Tuesday, June 28, 2011

Beatings instead of wages - domestic helpers in the diplomatic service


A Saudi diplomat in Berlin is said to have maltreated his Indonesian domestic helper. A 50-year-old international convention guaranteeing diplomatic immunity means the attache will not face legal consequences.


Dewi Ratnasari left her home in Indonisia in hopes of a better life. Via Saudi Arabia, she travelled to Germany, where she started to work as a domestic helper for the family of a Saudi-Arabian diplomat in Berlin in April 2009.

She did not find a better life. Later, she told authorities that she was forced to hand over her passport, was not allowed to leave the house alone and was prohibited to get in touch with her family. She worked up to 18 hours daily in the diplomat's large household. She slept on the bare floor in one of the children's bedrooms.

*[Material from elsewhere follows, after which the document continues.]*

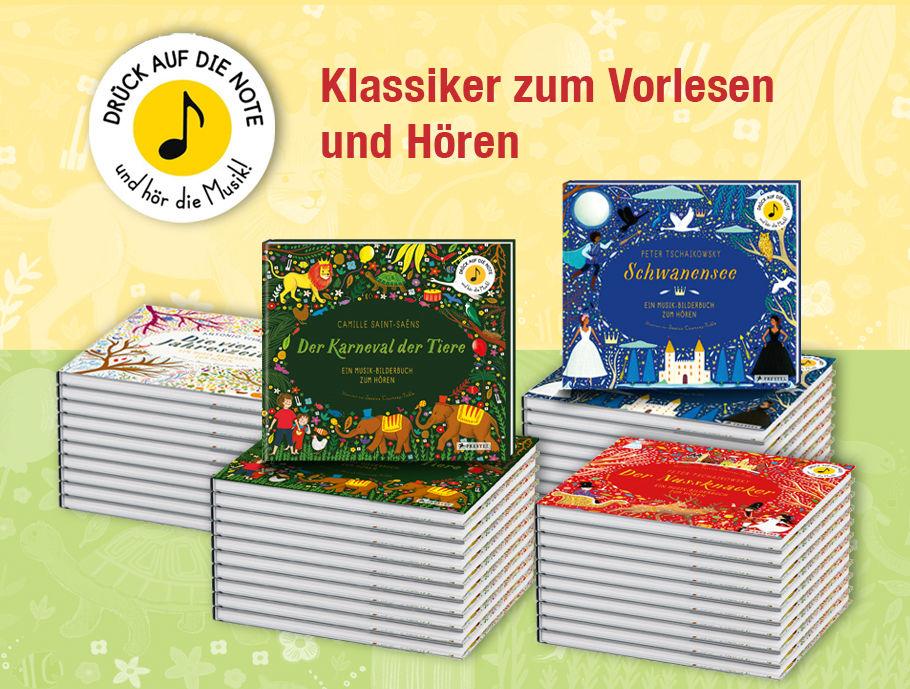 Beispielinhalt (Bild) Antonio Vivaldi. Die vier Jahreszeiten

Ratnasari - not her real name but a pseudonym  -  managed to escape in the fall of 2010, and showed up on the doorstep of Ban Ying, a Berlin based, city-funded human rights association founded in 1988 as a shelter and counseling center for migrant women from Southeast Asia. The center deals with up to ten cases a year from among the 249 domestic helpers currently employed by diplomats in Germany.

Ban Ying's Nivedita Prasad told Deutsche Welle that the Indonesian woman is an example of particularly shoddy treatment. The entire family regularly slapped the 30-year-old Indonesian household help, beat her with objects, humiliated her and insulted her. "The worst part is that they never called her by her name, but by the Arabic word for 'shit,'" Prasad said.